但是我希望能够对嵌套模型对进行方差分析测试,但我还没有找到对 rxGlm()
创建的模型对象执行此操作的方法,因为 R 的 anova()
功能不适用于它们。 revoScaleR
提供了一个 as.glm()
函数,可以将 rxGlm()
对象转换为 glm()
对象 - 有点 - 但它在这里不起作用。
例如:
library(dplyr)
data(mtcars)
# don't like having named rows
mtcars <- mtcars %>%
mutate(veh_name = rownames(.)) %>%
select(veh_name, everything())
# fit a GLM: mpg ~ everything else
glm_a1 <- glm(mpg ~ cyl + disp + hp + drat + wt + qsec + vs + am + gear + carb,
data = mtcars,
family = gaussian(link = "identity"),
trace = TRUE)
summary(glm_a1)
# fit another GLM where gear is removed
glm_a2 <- glm(mpg ~ cyl + disp + hp + drat + wt + qsec + vs + am + carb,
data = mtcars,
family = gaussian(link = "identity"),
trace = TRUE)
summary(glm_a2)
# F test on difference
anova(glm_a1, glm_a2, test = "F")
工作正常,但如果我这样做:
library(dplyr)
data(mtcars)
# don't like having named rows
mtcars <- mtcars %>%
mutate(veh_name = rownames(.)) %>%
select(veh_name, everything())
glm_b1 <- rxGlm(mpg ~ cyl + disp + hp + drat + wt + qsec + vs + am + gear + carb,
data = mtcars,
family = gaussian(link = "identity"),
verbose = 1)
summary(glm_b1)
# fit another GLM where gear is removed
glm_b2 <- rxGlm(mpg ~ cyl + disp + hp + drat + wt + qsec + vs + am + carb,
data = mtcars,
family = gaussian(link = "identity"),
verbose = 1)
summary(glm_b2)
# F test on difference
anova(as.glm(glm_b1), as.glm(glm_b2), test = "F")
我看到错误信息:
Error in qr.lm(object) : lm object does not have a proper 'qr'
component. Rank zero or should not have used lm(.., qr=FALSE)

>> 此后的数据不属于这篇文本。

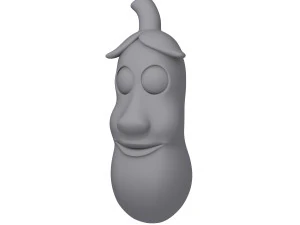 patlıcan karikat&uuml;r 3D Model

同样的问题出现在之前的 SO 帖子中: 但似乎没有解决。
有人可以帮忙吗?如果 as.glm()
在这里无济于事,还有其他方法吗?我可以编写一个自定义函数来执行此操作吗(我怀疑我的编码能力已达到极限!)?
此外,SO 是最好的论坛吗,或者其他 StackExchange 论坛之一是否是寻求指导的更好地方?
谢谢。
部分解决方案...
my_anova <- function (model_1, model_2, test_type)
{
# only applies for nested GLMs. How do I test for this?
cat("\n")
if(test_type != "F")
{
cat("Invalid function call")
}
else
{
# display model formulae
cat("Model 1:", format(glm_b1$formula), "\n")
cat("Model 2:", format(glm_b2$formula), "\n")
if(test_type == "F")
{
if (model_1$df[2] < model_2$df[2]) # model 1 is big, model 2 is small
{
dev_s <- model_2$deviance
df_s <- model_2$df[2]
dev_b <- model_1$deviance
df_b <- model_1$df[2]
}
else # model 2 is big, model 1 is small
{
dev_s <- model_1$deviance
df_s <- model_1$df[2]
dev_b <- model_2$deviance
df_b <- model_2$df[2]
}
F <- (dev_s - dev_b) / ((df_s - df_b) * dev_b / df_b)
}
# still need to calculate the F tail probability however
# df of F: numerator: df_s - df_b
# df of F: denominator: df_b
F_test <- pf(F, df_s - df_b, df_b, lower.tail = FALSE)
cat("\n")
cat("F: ", round(F, 4), "\n")
cat("Pr(>F):", round(F_test, 4))
}
}
我构建了很多 GLM。通常在具有许多模型参数的大型数据集上。这意味着基础 R 的 glm()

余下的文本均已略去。